Realistically, employers should expect a certain amount of "overselling" from would-be employees, says Boatman.
For example, "there are a million books out there on how to interview better. You're dealing with a savvy audience that's not only capable of overselling themselves, but motivated to oversell."
An increasingly shrewd candidate pool "inherently implies we need a savvier HR audience," she says, "to read between the lines and find what [the organization] is really looking for in a job candidate."
DDI's research does indicate that many employers and hiring managers could stand to be a bit savvier in evaluating job candidates. The survey found less than half (48 percent) of all responding organizations rating their hiring processes as highly effective. Study authors described this finding as "a very painful look in the mirror for hiring managers and the staffing directors they support, especially considering that organizations said that 14 percent of their new hires were failures in the past 12 months."
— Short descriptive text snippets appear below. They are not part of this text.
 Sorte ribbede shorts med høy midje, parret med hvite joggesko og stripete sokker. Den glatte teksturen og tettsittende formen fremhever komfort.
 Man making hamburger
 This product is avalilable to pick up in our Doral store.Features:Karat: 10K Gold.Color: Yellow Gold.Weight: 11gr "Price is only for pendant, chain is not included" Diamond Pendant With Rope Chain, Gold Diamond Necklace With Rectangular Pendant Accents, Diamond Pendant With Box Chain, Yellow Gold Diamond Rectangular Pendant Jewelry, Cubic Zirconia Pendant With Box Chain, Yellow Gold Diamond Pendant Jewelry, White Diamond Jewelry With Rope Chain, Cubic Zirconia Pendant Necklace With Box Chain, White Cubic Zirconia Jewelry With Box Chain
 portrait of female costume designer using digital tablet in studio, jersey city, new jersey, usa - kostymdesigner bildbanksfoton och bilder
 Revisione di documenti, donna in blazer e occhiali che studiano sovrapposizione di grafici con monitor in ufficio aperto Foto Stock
A key first step to seeing that 14-percent figure decrease would be to recalibrate employee expectations at the start of the process, says Ulrich.
"Hiring is too often about selling, and in selling, expectations may be overblown," he says. "It is important to do realistic job interviews, so the candidate knows what the job will really entail. Misplaced expectations lead to disappointment. Candidates may overstate their experience, and companies may overstate their opportunities. These false expectations face stark reality when real skills and opportunities become known."
Of course, HR's role in establishing and managing realistic expectations continues throughout the employee lifecycle, adds Ulrich. Take employee orientation, for example.
"Some organizations focus orientation on the superficial things -- parking passes, keys, offices," he says. Other companies, however, "help orient employees to the culture and unwritten rules, which might include mentors, cultural awareness sessions and early assignments that lead to success."
Other tools -- pre-employment tests, personality profiles, job simulations -- help provide a more complete picture of job candidates that offers information beyond that gleaned through the interview process, adds Boatman.
"If you think about selection, it's one of the oldest formalized systems we have in HR, but we're still running into the same problems," she says. "That's what it comes down to. We don't know enough about who we're hiring. And, on the flip side, candidates don't always know what they're getting into. It really goes both ways. We in HR could be better informing candidates, and helping them determine if this is the right job for them. We want to make that [hiring] decision for the long term."
Ultimately, "I think the onus lies on HR and organizations," says Boatman. "They can do a lot of homework, and they're the ones who know what sort of knowledge and experience candidates need to be successful in a particular job. Without defining what you're looking for, it's like you're looking for a needle in a haystack."